*TASK TO COMPLETE*
In exact form, please repeat the records from their opening line down to the line with "FORD F150 2004", including that line.

------------

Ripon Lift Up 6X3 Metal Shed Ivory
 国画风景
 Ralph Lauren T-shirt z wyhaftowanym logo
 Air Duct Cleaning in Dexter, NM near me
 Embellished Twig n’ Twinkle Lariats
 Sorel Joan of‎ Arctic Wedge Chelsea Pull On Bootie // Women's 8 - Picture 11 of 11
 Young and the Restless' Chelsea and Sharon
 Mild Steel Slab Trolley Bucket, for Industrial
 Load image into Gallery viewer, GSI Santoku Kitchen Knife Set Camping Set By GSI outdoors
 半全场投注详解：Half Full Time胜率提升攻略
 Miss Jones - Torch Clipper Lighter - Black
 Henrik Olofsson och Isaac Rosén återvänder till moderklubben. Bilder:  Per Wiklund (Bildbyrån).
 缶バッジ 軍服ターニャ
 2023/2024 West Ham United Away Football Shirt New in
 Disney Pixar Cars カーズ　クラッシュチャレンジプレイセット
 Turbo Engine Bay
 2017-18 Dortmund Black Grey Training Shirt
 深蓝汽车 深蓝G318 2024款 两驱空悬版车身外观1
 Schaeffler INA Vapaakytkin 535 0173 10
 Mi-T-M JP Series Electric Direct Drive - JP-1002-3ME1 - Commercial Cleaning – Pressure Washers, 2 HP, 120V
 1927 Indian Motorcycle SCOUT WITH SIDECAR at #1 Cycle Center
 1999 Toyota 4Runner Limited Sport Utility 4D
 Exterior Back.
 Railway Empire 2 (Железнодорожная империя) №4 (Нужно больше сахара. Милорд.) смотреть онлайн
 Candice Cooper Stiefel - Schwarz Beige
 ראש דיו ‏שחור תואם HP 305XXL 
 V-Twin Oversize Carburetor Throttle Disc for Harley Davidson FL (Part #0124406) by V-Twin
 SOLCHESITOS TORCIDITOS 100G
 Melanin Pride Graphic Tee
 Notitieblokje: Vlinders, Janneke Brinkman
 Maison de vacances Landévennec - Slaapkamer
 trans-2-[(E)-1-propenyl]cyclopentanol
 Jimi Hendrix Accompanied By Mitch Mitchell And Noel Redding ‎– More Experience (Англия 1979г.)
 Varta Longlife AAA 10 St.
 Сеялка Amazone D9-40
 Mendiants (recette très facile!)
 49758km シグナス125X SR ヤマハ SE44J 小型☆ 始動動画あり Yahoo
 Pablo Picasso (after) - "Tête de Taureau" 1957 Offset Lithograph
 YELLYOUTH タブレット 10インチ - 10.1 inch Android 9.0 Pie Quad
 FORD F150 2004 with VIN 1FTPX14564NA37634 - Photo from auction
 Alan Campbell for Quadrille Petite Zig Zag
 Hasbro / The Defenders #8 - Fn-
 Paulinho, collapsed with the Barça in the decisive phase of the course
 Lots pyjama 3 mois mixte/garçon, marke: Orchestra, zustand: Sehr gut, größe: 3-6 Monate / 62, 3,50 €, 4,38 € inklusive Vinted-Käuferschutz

------------

*OUTPUT OF THE EXERCISE*
Ripon Lift Up 6X3 Metal Shed Ivory
 国画风景
 Ralph Lauren T-shirt z wyhaftowanym logo
 Air Duct Cleaning in Dexter, NM near me
 Embellished Twig n’ Twinkle Lariats
 Sorel Joan of‎ Arctic Wedge Chelsea Pull On Bootie // Women's 8 - Picture 11 of 11
 Young and the Restless' Chelsea and Sharon
 Mild Steel Slab Trolley Bucket, for Industrial
 Load image into Gallery viewer, GSI Santoku Kitchen Knife Set Camping Set By GSI outdoors
 半全场投注详解：Half Full Time胜率提升攻略
 Miss Jones - Torch Clipper Lighter - Black
 Henrik Olofsson och Isaac Rosén återvänder till moderklubben. Bilder:  Per Wiklund (Bildbyrån).
 缶バッジ 軍服ターニャ
 2023/2024 West Ham United Away Football Shirt New in
 Disney Pixar Cars カーズ　クラッシュチャレンジプレイセット
 Turbo Engine Bay
 2017-18 Dortmund Black Grey Training Shirt
 深蓝汽车 深蓝G318 2024款 两驱空悬版车身外观1
 Schaeffler INA Vapaakytkin 535 0173 10
 Mi-T-M JP Series Electric Direct Drive - JP-1002-3ME1 - Commercial Cleaning – Pressure Washers, 2 HP, 120V
 1927 Indian Motorcycle SCOUT WITH SIDECAR at #1 Cycle Center
 1999 Toyota 4Runner Limited Sport Utility 4D
 Exterior Back.
 Railway Empire 2 (Железнодорожная империя) №4 (Нужно больше сахара. Милорд.) смотреть онлайн
 Candice Cooper Stiefel - Schwarz Beige
 ראש דיו ‏שחור תואם HP 305XXL 
 V-Twin Oversize Carburetor Throttle Disc for Harley Davidson FL (Part #0124406) by V-Twin
 SOLCHESITOS TORCIDITOS 100G
 Melanin Pride Graphic Tee
 Notitieblokje: Vlinders, Janneke Brinkman
 Maison de vacances Landévennec - Slaapkamer
 trans-2-[(E)-1-propenyl]cyclopentanol
 Jimi Hendrix Accompanied By Mitch Mitchell And Noel Redding ‎– More Experience (Англия 1979г.)
 Varta Longlife AAA 10 St.
 Сеялка Amazone D9-40
 Mendiants (recette très facile!)
 49758km シグナス125X SR ヤマハ SE44J 小型☆ 始動動画あり Yahoo
 Pablo Picasso (after) - "Tête de Taureau" 1957 Offset Lithograph
 YELLYOUTH タブレット 10インチ - 10.1 inch Android 9.0 Pie Quad
 FORD F150 2004 with VIN 1FTPX14564NA37634 - Photo from auction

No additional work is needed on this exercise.